Три ступени, указанные Платоном, относятся к человеку, к процессу его обучения и воспитания, но можно и должно отнести и к человечеству в перспективе его исторического развития.
Первая ступень - это язычество, прежде всего классическая древность; вторая - период истории, когда возникли развитые религии мира, что связывают прежде всего со Средневековьем; третья ступень - это эпоха Ренессанса, когда античный эстетизм через неоплатонизм христианских мыслителей и художников снова проявляет свою жизнестроительную сущность и мощь, с восхождением к высшей красоте, какова ренессансная классика.
Такова парадигма развития личности и человеческой культуры и цивилизации Запада и Востока, несмотря на специфические особенности эпох и этносов.
Такова же парадигма развития личности и русской культуры и цивилизации, что прояснивается со всей очевидностью с осознанием ренессансных явлений истории Российского государства за последние три столетия, когда Россия определяла ход мировой истории, вопреки самомнению стран Западной Европы и США.
Достойно сожаления, мы сами не сознавали сущности ренессансных достижений русской культуры, заглядываясь на блестки западной цивилизации, что ныне доведено до абсурда, с разрушением великого государства, с разграблением его богатств, и этот абсурд продолжается, с угрозой распада РФ.

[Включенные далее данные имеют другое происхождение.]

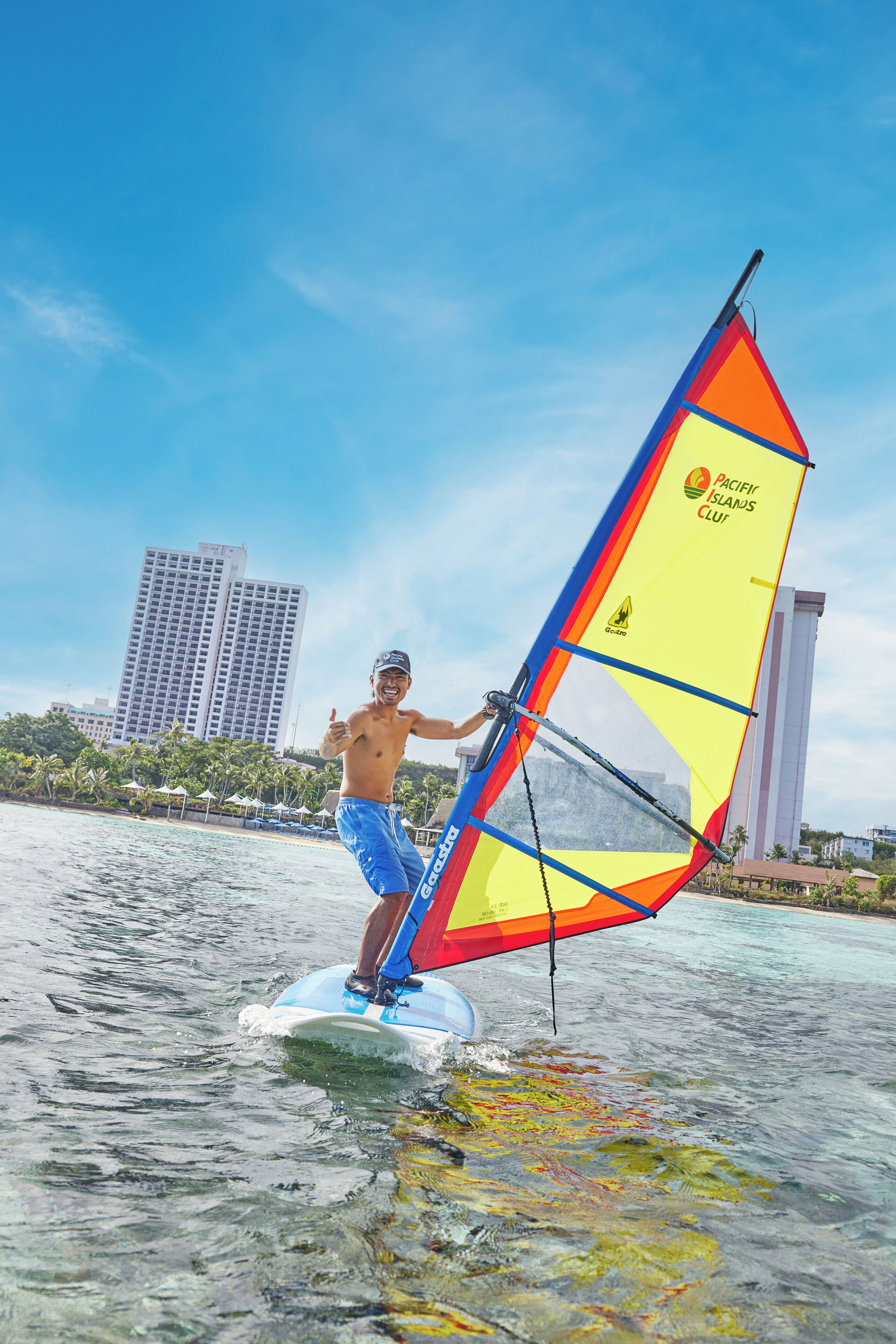 A person windsurfing on a clear day with a cityscape in the background.
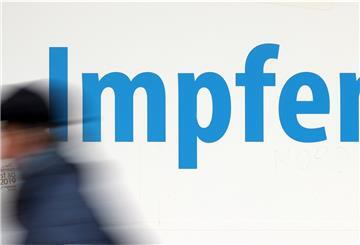 Ein Mann geht vor einem Impfzentrum in der Innenstadt.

В этих условиях и встает вопрос: что сталось с триединой сферой «поэзия, любовь, красота», высшей сферой человеческого бытия?
С горечью пришлось уже констатировать, что мы живем в самое непоэтическое время, какое когда-либо выпадало в России, более того, в антипоэтическое время, с торжеством во всех сферах жизни беспорядка, беспредела и буржуазности, с мещанами во дворянстве там, где объявился так называемый высший свет и где заполучить потомка какого-нибудь русского князя бывает редкая удача.
Стихов не читают. Вероятно, упал интерес и к живописи, несмотря на обилие выставок. Стихи если и пишутся, то с учетом вкусов избранной публики, как и с выставками постмодернистских поделок.
Поначалу этот процесс саморазрушения поэзии и жизни шел лишь в искусстве с его дегуманизацией и деидеологизацией. Теперь он проник в саму жизнь, с распадом и разрушением устоев жизни как общественной, так и индивидуальной., - это бросается в глаза прежде всего в мусоре из бутылок и упаковки, заполонивших дворы, улицы, дороги, железнодорожные пути, леса и поселки.
Но ведь также замусорены наши души всевозможными упаковками вещей и идей одноразового использования, как и рекламой, рассчитанной, вероятно, на дебилов. Куда деваться от этих свалок мусора всюду и рекламы, плодящей этот мусор? А никуда. Наши души исчезают в этих свалках мусора. Поэзия покидает леса, улицы прекрасного города, поэзия покидает человека, который превращается в потребителя, собственника, зомби.
В условиях антипоэтического времени любовь превращается в секс с его свободой угождать страстям и желаниям, пусть самым разнузданным и извращенным, как своим, так и чужим. Все покупается и продается. Ни одна из животных популяций, в отличие от человеческой, такого не достигла. Не говоря о войнах. И это называют цивилизацией.
Да, воистину цивилизация человекоподобных, неудивительно, с звездными войнами, в которых принимают участие роботы с тем же успехом. А человек уже не одно столетие пытается создать культуру как среду обитания, с переходом в сферу искусства, то есть с восхождением к высшей красоте. Но все высшие устремления словно не выносит человеческий дух, и все возвращается в круги своя.
И встает вопрос: что же происходит в условиях антипоэтического времени с красотой?
Поэзия, любовь во все века были проблематичны, но там, где проступала красота, была и поэзия, и любовь. О том с исчерпывающей полнотой сказал Пушкин в стихотворении «Я помню чудное мгновенье...»
Что же сталось с красотой?
В России, вопреки старению и обнищанию населения, вопреки замусоренности городов, поселков и лесов, вопреки беспределу криминальных структур, распродающих русских девушек оптом и в розницу по странам и весям, вопреки величайшему беспорядку в стране, красоты стало больше. Разумеется, прежде всего девичьей, женской красоты, самой хрупкой и гибкой, самой беззащитной и легкоранимой.
Выходя на прогулку, при посещении Эрмитажа или Русского Музея смолоду постоянно, я привык видеть всех и каждого, все гримасы и уродства, но и лица, отмеченные той или иной особинкой прелести и красоты. Замечаешь невольно чистый блеск глаз, волос, лица, и красота одаривает тебя улыбкой радости и торжества. Ничего личного, отрада бытия.